Reprinted from GRAIN JOURNAL March/April 2020 Issue
by Barbara Krupp-Selyem
The Vona Equity Elevator was built in 1915 along the Chicago Rock Island Railroad (now the Kyle Railroad), in Kit Carson County, CO. It is a small 11,000-bushel, metal-sided, frame structure typical of others built in the Central and Southern Plains during that era.
A line shaft from a single cylinder engine powered the wood leg. Horizontal wood bands placed every four feet vertically secured the perimeter. The bins were interlaced with a maze of tie rods extending through the bands to provide support. Originally it was a farmers’ elevator, but it has changed ownership several times since it first opened more than 100 years ago.

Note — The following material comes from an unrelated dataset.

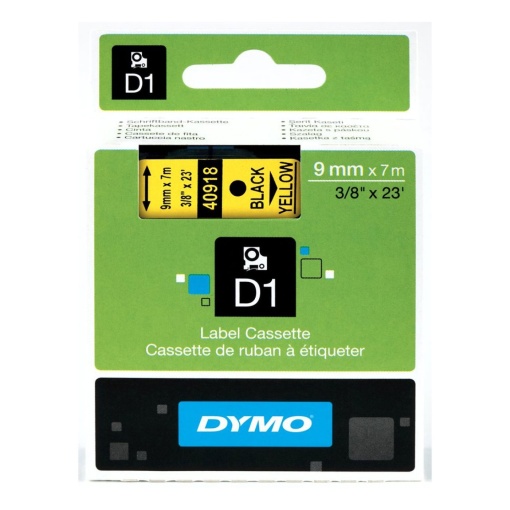 Fita DYMO D1 40918 9mmx7m preto sobre amarelo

The events following the 1929 stock market crash dramatically altered the history of Kit Carson County. Many families, spurred by the Depression, the dust storms of the ‘30s, Ku Klux Klan activities, and the possibilities of government loans elsewhere, relocated to other areas.
Changing Hands
With little grain available, the elevator was closed for a period during the 1930s, and by 1940, many of the families involved with organizing the farmers’ cooperative at Vona had moved away. Hal McDougal of Colby, KS bought the elevator in 1940, and for the next four years, it was McDougal Grain Co.
In 1944, J. W. Borders, who owned the Snell Grain Elevator of Vona, bought out McDougal, and the elevator became part of the vBorders’ family business that would eventually include facilities at Hugo, Flagler, Arriba, Stratton, and Genoa, CO.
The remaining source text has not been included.